If you're using Anaconda then run:
conda install -c fastai -c pytorch -c anaconda fastai gh anaconda...or if you're using miniconda) then run:
conda install -c fastai -c pytorch fastai
For other installation options, please refer to the FastAI documentation.
First, restore the FastAI learner from the export pickle at the last Section, and save its model weights with PyTorch.
from fastai.text import load_learner
from fastai.text.learner import _get_text_vocab, get_c
import torch
VOCABZ_SZ = len(_get_text_vocab(dls)) #dls is the dataloader you used for training
N_CLASSES = get_c(dls)
CONFIG = awd_lstm_clas_config.copy()
learn = load_learner("fastai_cls.pkl")
torch.save(learn.model.state_dict(), "fastai_cls_weights.pth")
text = "This was a very good movie"
pred_fastai = learn.predict(text)
pred_fastai
>>>
(Category tensor(1), tensor(1), tensor([0.0036, 0.9964]))
Once you got the model weights, put the .pth file in model/text or model/image.
from fastai.vision.all import get_c
IMAGE_SIZE = dls.one_batch()[0].shape[-2:] #dls is the dataloader you used for training
N_CLASSES = get_c(dls)
image_path = "street_view_of_a_small_neighborhood.png"
pred_fastai = learn.predict(image_path)
pred_fastai[0].numpy()
>>>
array([[26, 26, 26, ..., 4, 4, 4],
[26, 26, 26, ..., 4, 4, 4],
[26, 26, 26, ..., 4, 4, 4],
...,
[17, 17, 17, ..., 30, 30, 30],
[17, 17, 17, ..., 30, 30, 30],
[17, 17, 17, ..., 30, 30, 30]])
Next, we need to define the model in pure PyTorch.
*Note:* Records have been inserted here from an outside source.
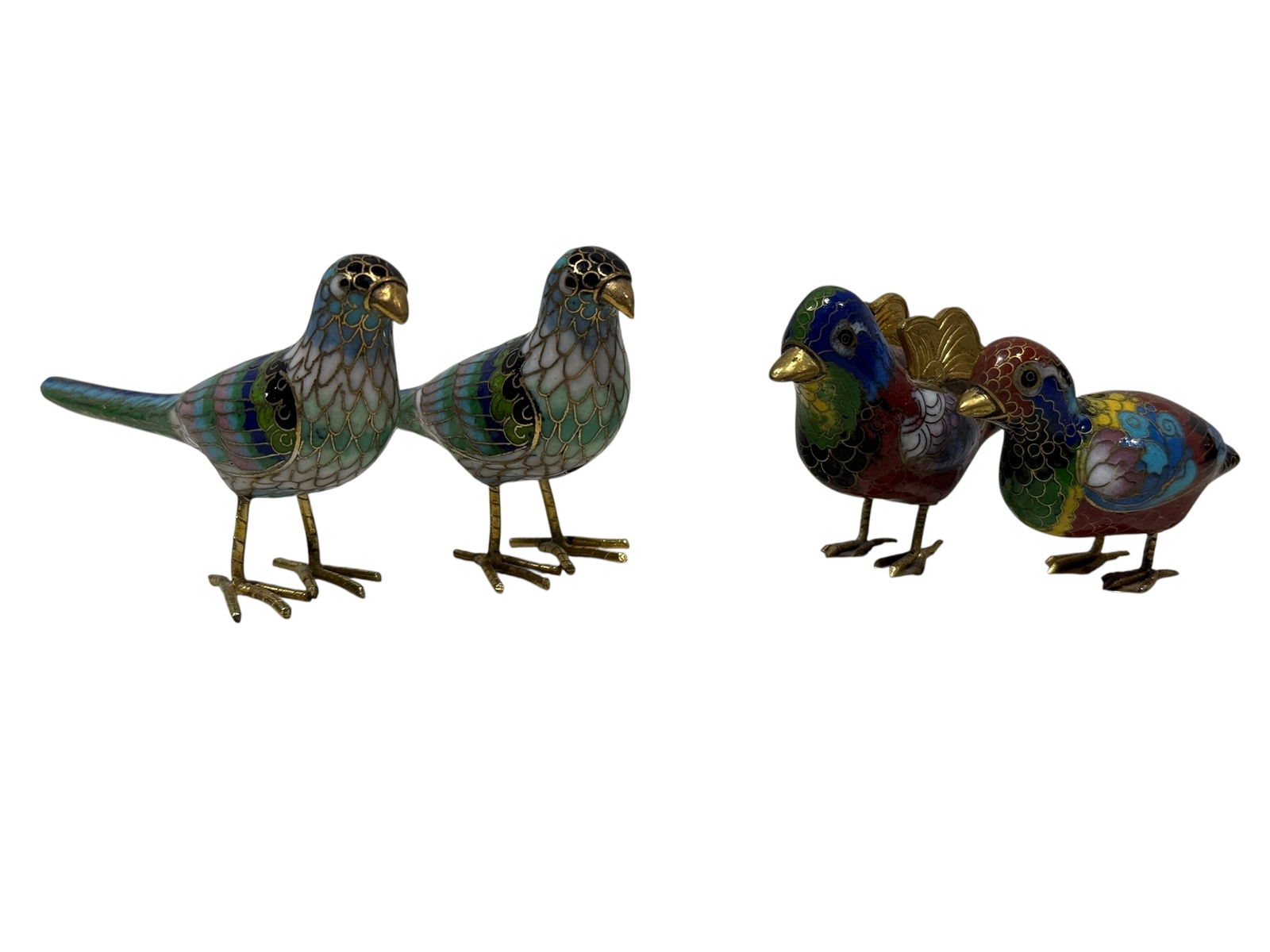 Group of 4 Chinese Cloisonne Birds: Group of 4 Chinese Cloisonne Birds. In good condition.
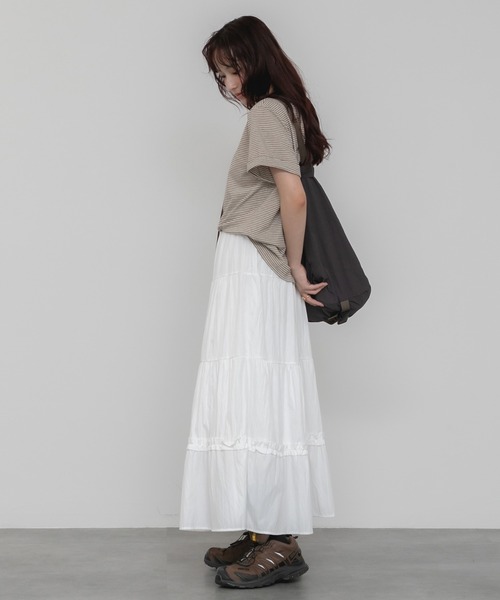 HEILIS(ヘイリス)の「ロールアップ半袖ボーダーカットソー / 夏服 春服 韓国 ボーダー マルチボーダー 細ボーダー フレンチ ガーリー トラッド カジュアル ノームコア 半袖 トップス カットソー グリーン イエロー アイボリー(Tシャツ/カットソー・レディース・グリーン/アイボリー/イエロー・FREE)」の15枚目の写真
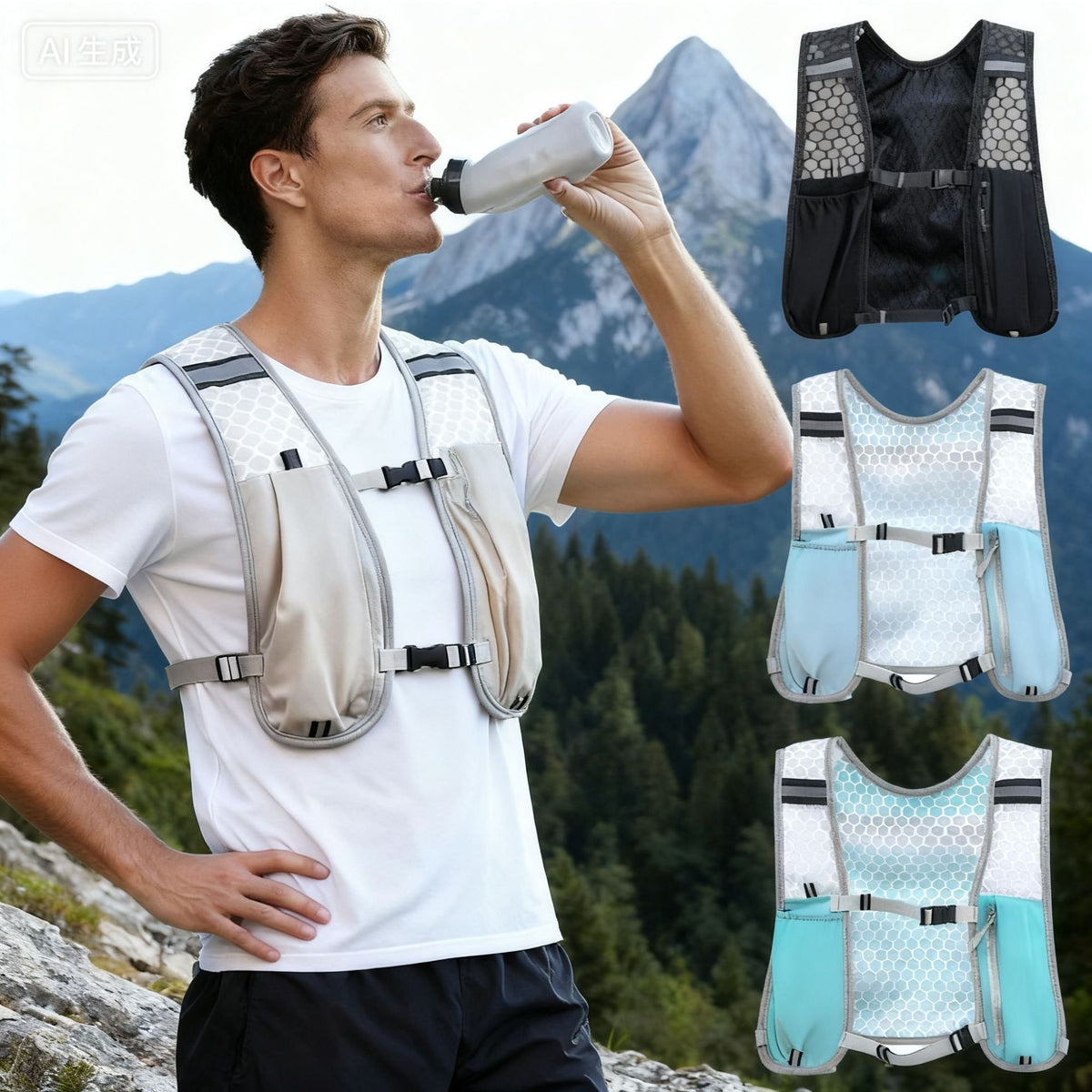 4L Reflective Running Vest with Multi-Pocket Storage — QIUOLA | qiuola.com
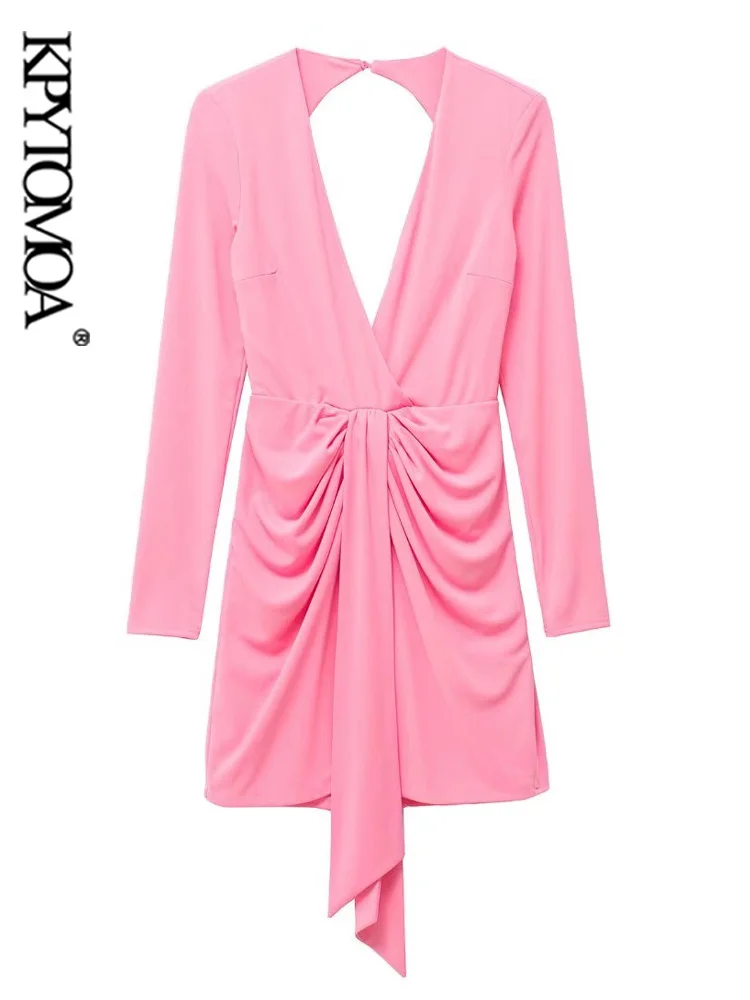 

KPYTOMOA Women Fashion With Knotted Draped Mini Dress Vintage Long Sleeve Backless Zipper Female Dresses Vestidos Mujer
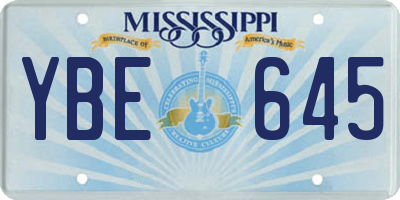 MS license plate YBE645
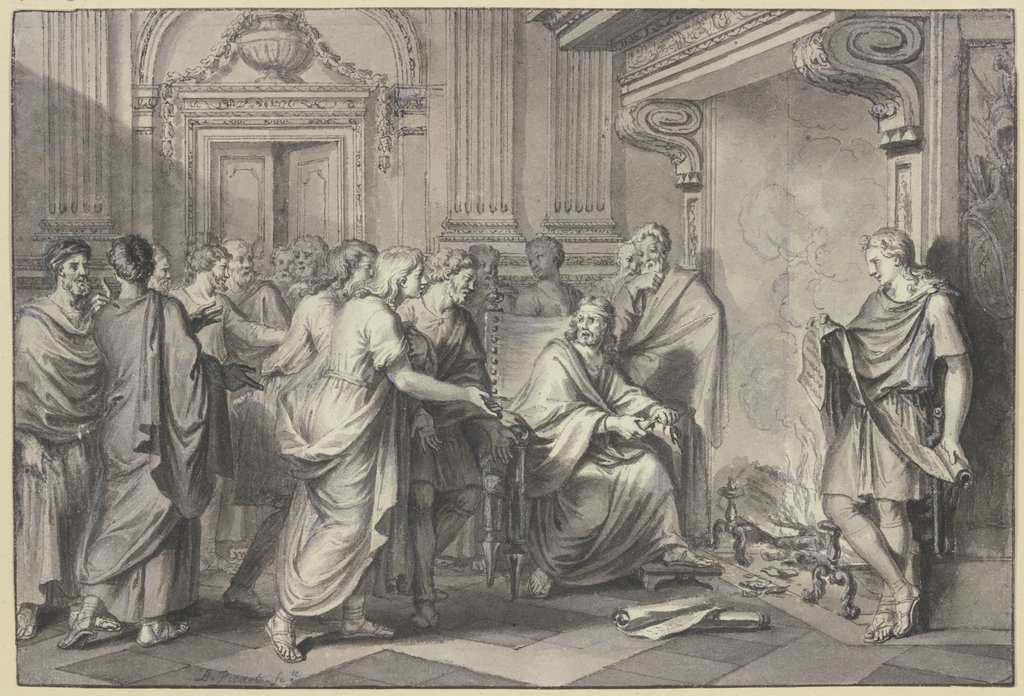 Ein Römer wirft in Gegenwart vieler Personen Papierrollen ins Feuer, Bernard Picart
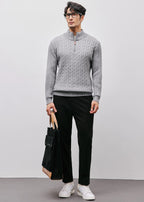 Men’s Half-Zip Cable Knit Sweater — Luxury Textured Stand Collar Pullover for Business & Casual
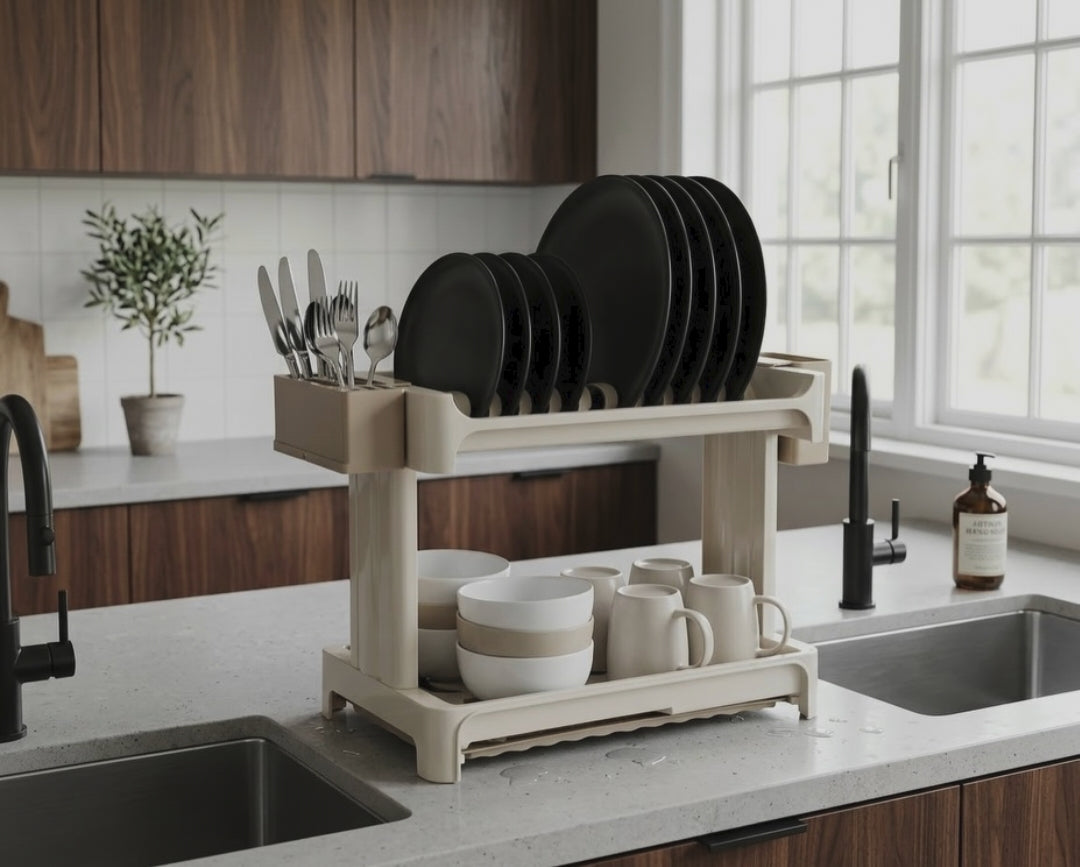 Gemelli Collections heavy duty cream plastic 2 tier dish rack 45 x 38 x 27 cm with plate slots, utensil caddies and removable drip trays.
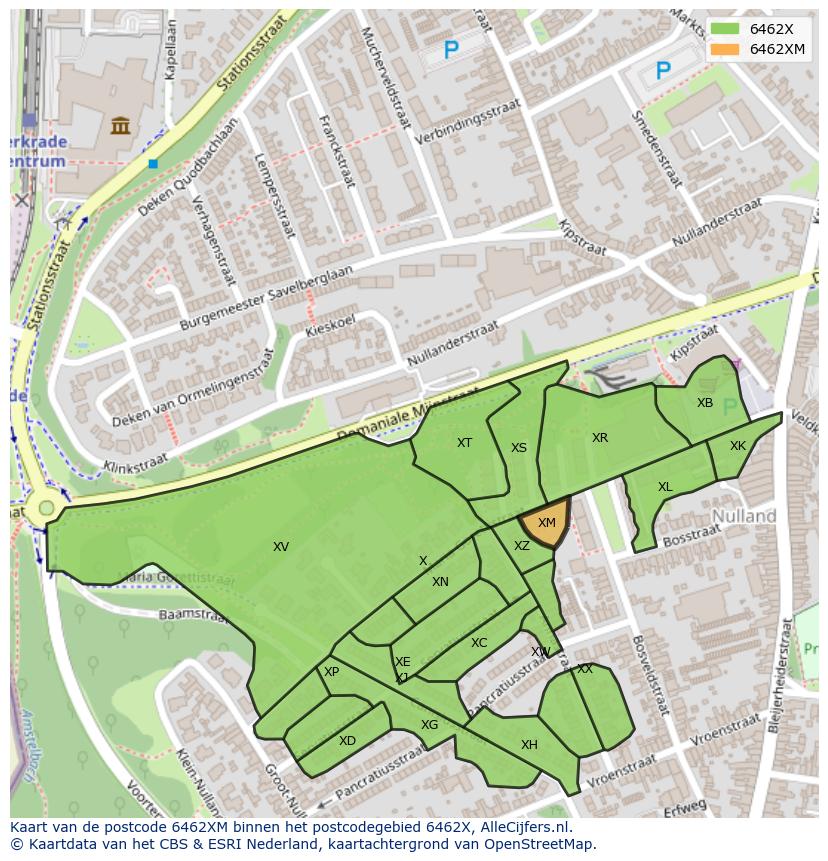 Afbeelding van het postcodegebied 6462 XM op de kaart.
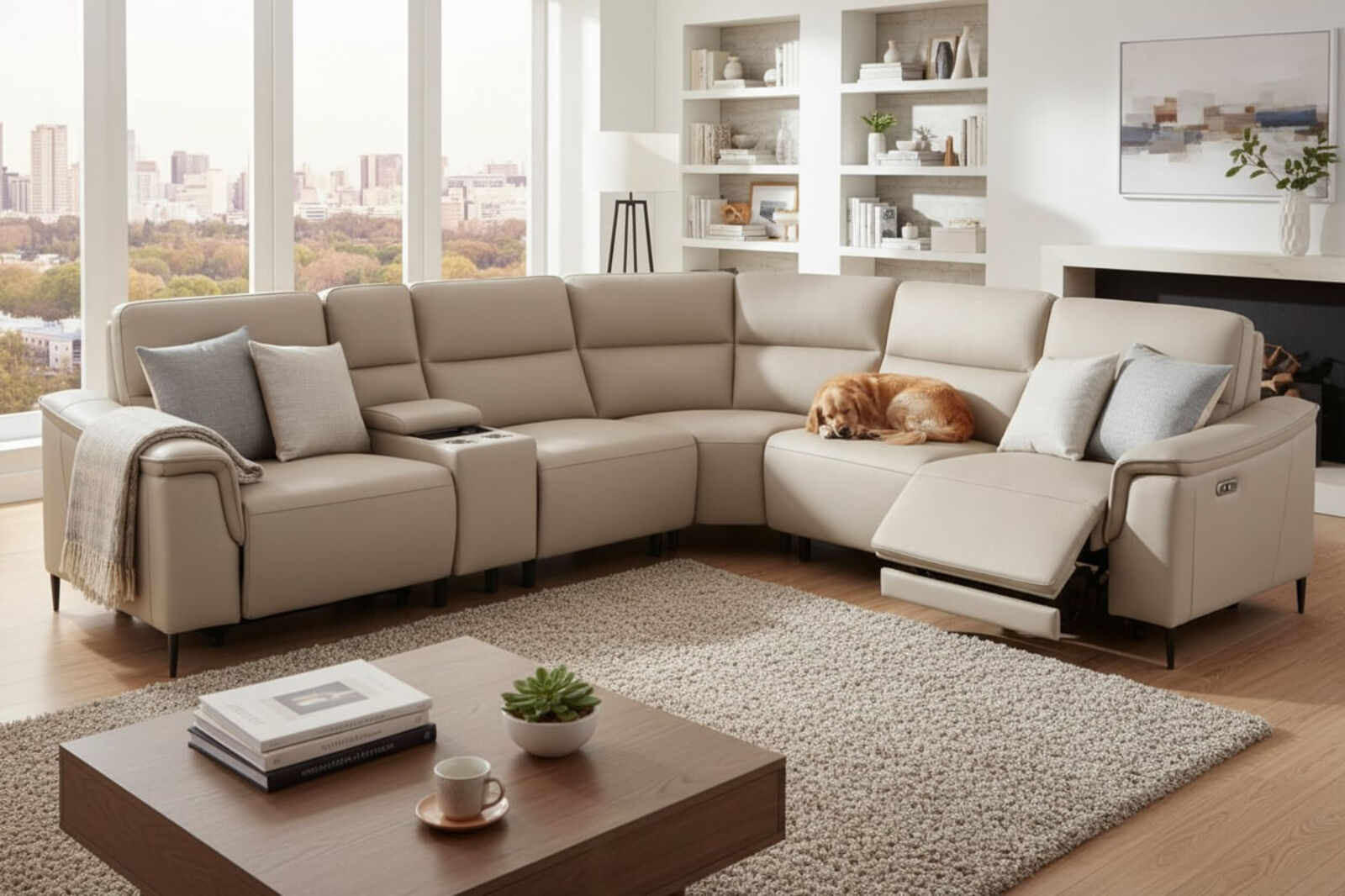 Porto Corner Cinema Console Reclining Sofa Truffle Leather 2+C+2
In Jupyter notebook, one can investigate the FastAI source code by adding ??
in front of a function name.
from fastai.text.models.core import get_text_classifier
from fastai.text.all import AWD_LSTM
model_torch = get_text_classifier(AWD_LSTM, VOCABZ_SZ, N_CLASSES, config=CONFIG)
The important thing here is that get_text_classifier fastai function outputs a torch.nn.modules.module.Module which therefore is a pure PyTorch object.
from fastai.vision.learner import create_unet_model
from fastai.vision.models import resnet50
model_torch = create_unet_model(resnet50, N_CLASSES, IMAGE_SIZE)
Now initialize the PyTorch model, load the saved model weights, and transfer that weights to the PyTorch model.
state = torch.load("fastai_cls_weights.pth")
model_torch.load_state_dict(state)
model_torch.eval()
If we take one sample, transform it, and pass it to the model_torch
, we shall get an identical prediction result as FastAI's.
import torch
from fastai.text.core import Tokenizer, SpacyTokenizer
from fastai.text.data import Numericalize
example = "Hello, this is a test."
tokenizer = Tokenizer(
tok=SpacyTokenizer("en")
)
numericalizer = Numericalize(vocab=vocab)
example_processed = numericalizer(tokenizer(example))
>>>
tensor([ 4, 7, 26, 29, 16, 72, 69, 31])
inputs = example_processed.resize(1, len(example_processed))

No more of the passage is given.